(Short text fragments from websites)
┄┄┄┄┄┄┄┄┄┄┄┄┄┄┄┄┄┄┄┄

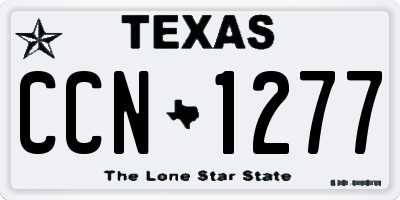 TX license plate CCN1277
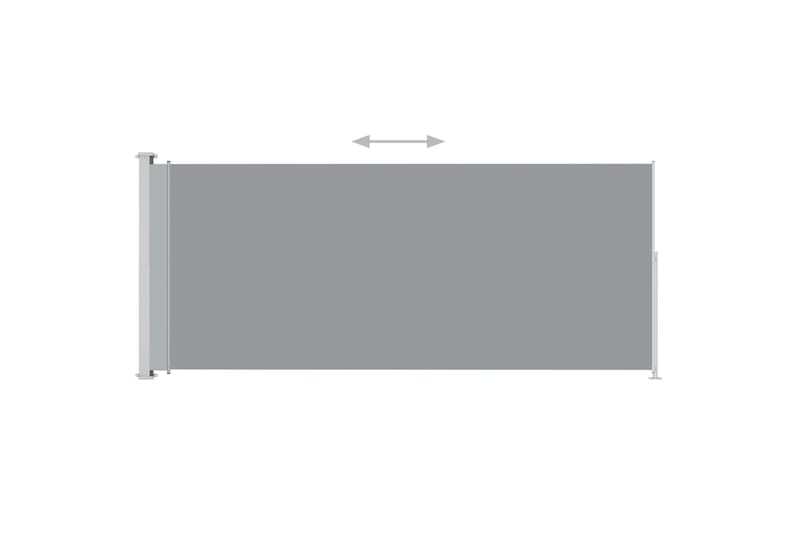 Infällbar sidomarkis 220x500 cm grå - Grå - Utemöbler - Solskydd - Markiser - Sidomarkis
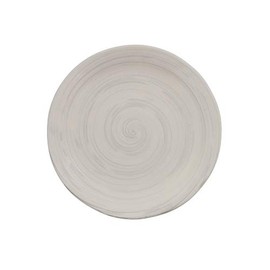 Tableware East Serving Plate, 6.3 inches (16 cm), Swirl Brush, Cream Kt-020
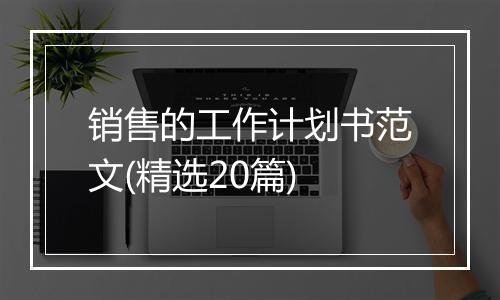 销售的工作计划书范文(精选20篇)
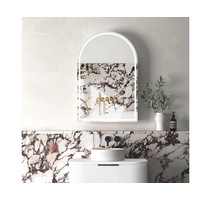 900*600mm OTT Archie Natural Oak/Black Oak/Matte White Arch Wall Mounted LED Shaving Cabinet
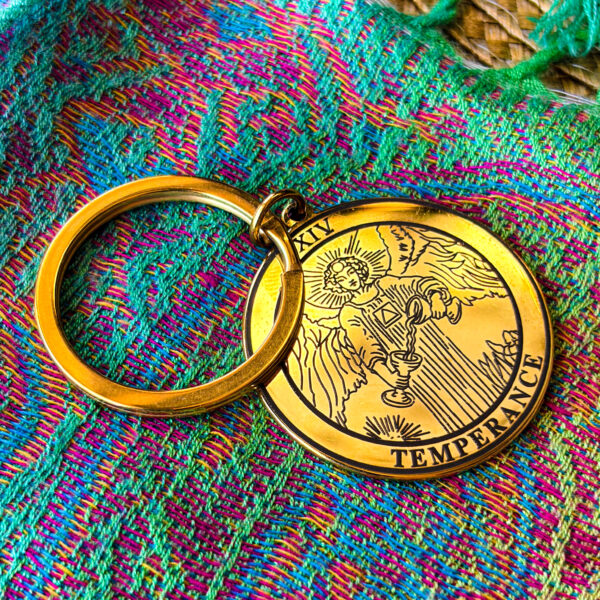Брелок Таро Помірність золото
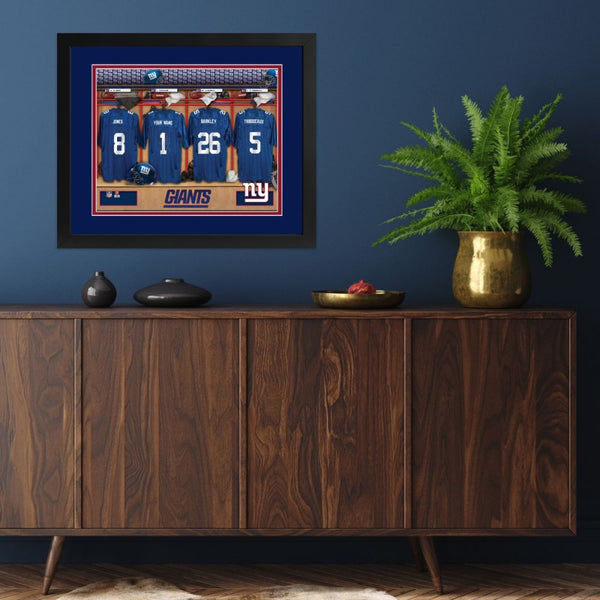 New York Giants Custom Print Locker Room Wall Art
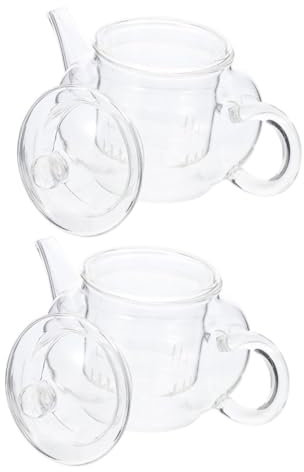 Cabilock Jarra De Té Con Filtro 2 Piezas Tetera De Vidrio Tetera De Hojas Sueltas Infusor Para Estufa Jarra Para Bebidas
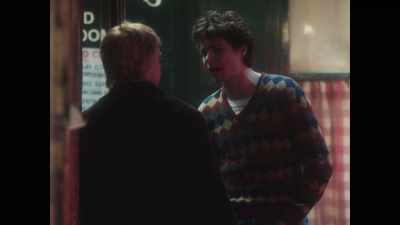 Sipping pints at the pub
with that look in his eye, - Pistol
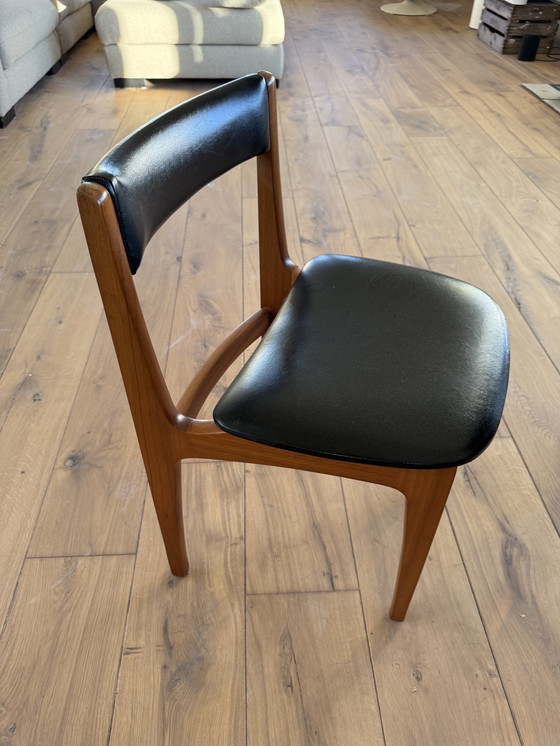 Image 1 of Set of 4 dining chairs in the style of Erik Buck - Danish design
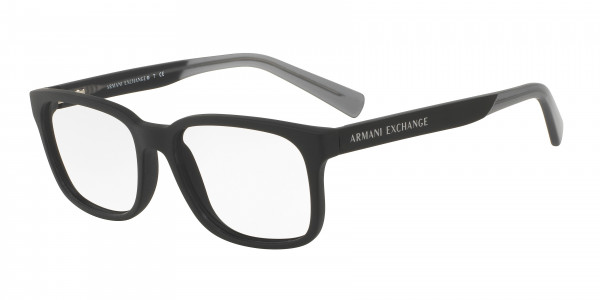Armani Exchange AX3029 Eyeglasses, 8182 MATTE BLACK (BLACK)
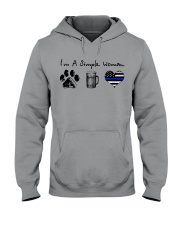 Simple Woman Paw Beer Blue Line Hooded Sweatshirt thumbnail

┄┄┄┄┄┄┄┄┄┄┄┄┄┄┄┄┄┄┄┄

- Problem statement:
Set the lines above down again, word for word, from the first through the one containing "New York Giants"; pictures excluded.

- Solution for this task:
 TX license plate CCN1277
 Infällbar sidomarkis 220x500 cm grå - Grå - Utemöbler - Solskydd - Markiser - Sidomarkis
 Tableware East Serving Plate, 6.3 inches (16 cm), Swirl Brush, Cream Kt-020
 销售的工作计划书范文(精选20篇)
 900*600mm OTT Archie Natural Oak/Black Oak/Matte White Arch Wall Mounted LED Shaving Cabinet
Брелок Таро Помірність золото
 New York Giants Custom Print Locker Room Wall Art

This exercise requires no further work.